Mesnevi-i Nuriye | Hubab | 90
(84-106)

Evet mü’min olan kimse, îman ve tevhid iktizâsiyle, kâinata bir mehd-i uhuvvet nazariyle baktığı gibi; bütün mahlûkatı, bilhassa insanları, bilhassa İslâmları birbiriyle bağlayan ip de, ancak uhuvvettir. Çünkü îman bütün mü’minleri bir babanın cenah-ı şefkati altında yaşıyan kardeşler gibi kardeş addediyor.

Küfür ise, öyle bir bürûdettir ki, kardeşleri bile kardeşlikten çıkarır. Ve bütün eşyâda bir nevi’ ecnebilik tohumunu ekiyor. Ve her şeyi her şeye düşman yapıyor.

Evet hamiyet-i milliyelerinde bir uhuvvet varsa da, muvakkattır. Ve ezelî, ebedî iftirak ve firak ile muttasıl ve mahduddur. Amma kâfirlerin medeniyetinde görülen mehâsin ve yüksek terakkiyât-ı sanâyi, (bunlar) tamamen medeniyet-i İslâmiyeden, Kur’ânın irşâdatından, edyân-ı semâvîyeden in’ikas ve iktibas edildiği “Lemeat” ile “Sünuhat” eserlerimde istenildiği gibi îzah ve isbat edilmiştir...

İ’lem! Mesâil-i dîniyeden olan içtihad kapısı açıktır. Fakat, şu zamanda oraya girmeğe altı mâni vardır...

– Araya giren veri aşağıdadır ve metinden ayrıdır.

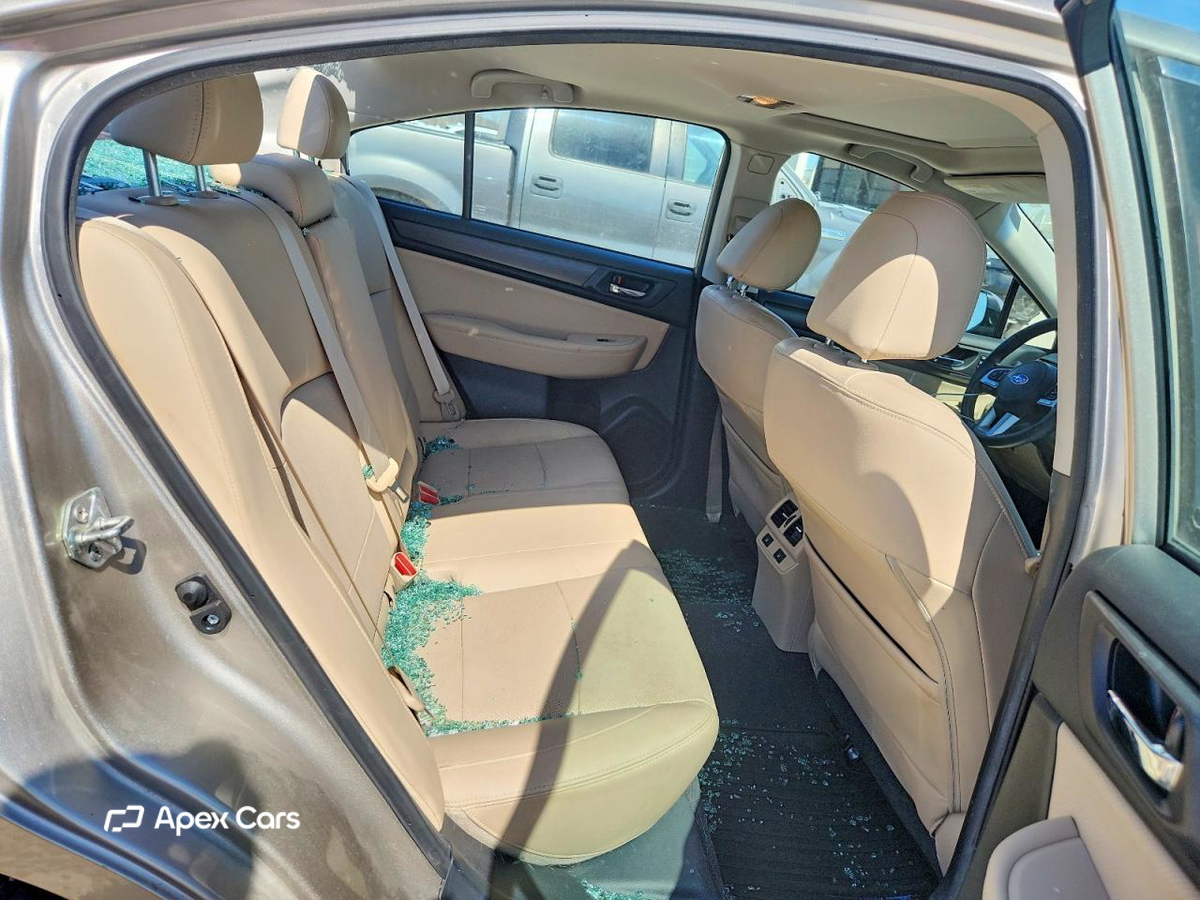 Subaru Legacy 2015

Birincisi: Nasılki kışta fırtınaların şiddetli olduğu bir vakitte, dar delikler dahi seddedilir; yeni kapılar açmak hiç bir cihetle kâr-ı akıl değil. Hem nasılki büyük bir selin hücumunda tamir için duvarlarda delikler açmak gark olmağa vesîledir. Öyle de: Şu münkerat zamanında ve âdât-ı ecânibin istilâsı ânında ve bid’aların kesreti vaktinde ve dalâletin tahribâtı hengâmında, içtihad nâmiyle kasr-ı İslâmiyetten yeni kapılar açıp duvarlarında muharriblerin girmesine vesîle olacak olan delikler açmak, İslâmiyete cinâyettir...

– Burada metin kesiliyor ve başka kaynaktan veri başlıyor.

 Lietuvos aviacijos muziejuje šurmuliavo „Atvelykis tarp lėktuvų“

İkincisi: Dinin zarûriyatı ki içtihad onlara giremez. Çünkü kat’i ve muayyendirler. Hem o zarûriyat, kut ve gıda hükmündedirler; şu zamanda terke uğruyorlar ve tezelzüldedirler. Ve bütün himmet ve gayreti onların ikamesine ve ihyâsına sarfetmek lâzım gelirken, İslâmiyetin nazariyat kısmında ve selefin içtihadat-ı sâfiyâne ve hâlîsânesiyle bütün zamanların hâcâtına dar gelmeyen efkârları olduğu halde, onları bırakıp, heveskârane yeni içtihadlar yapmak; bid’atkârâne bir hıyânettir.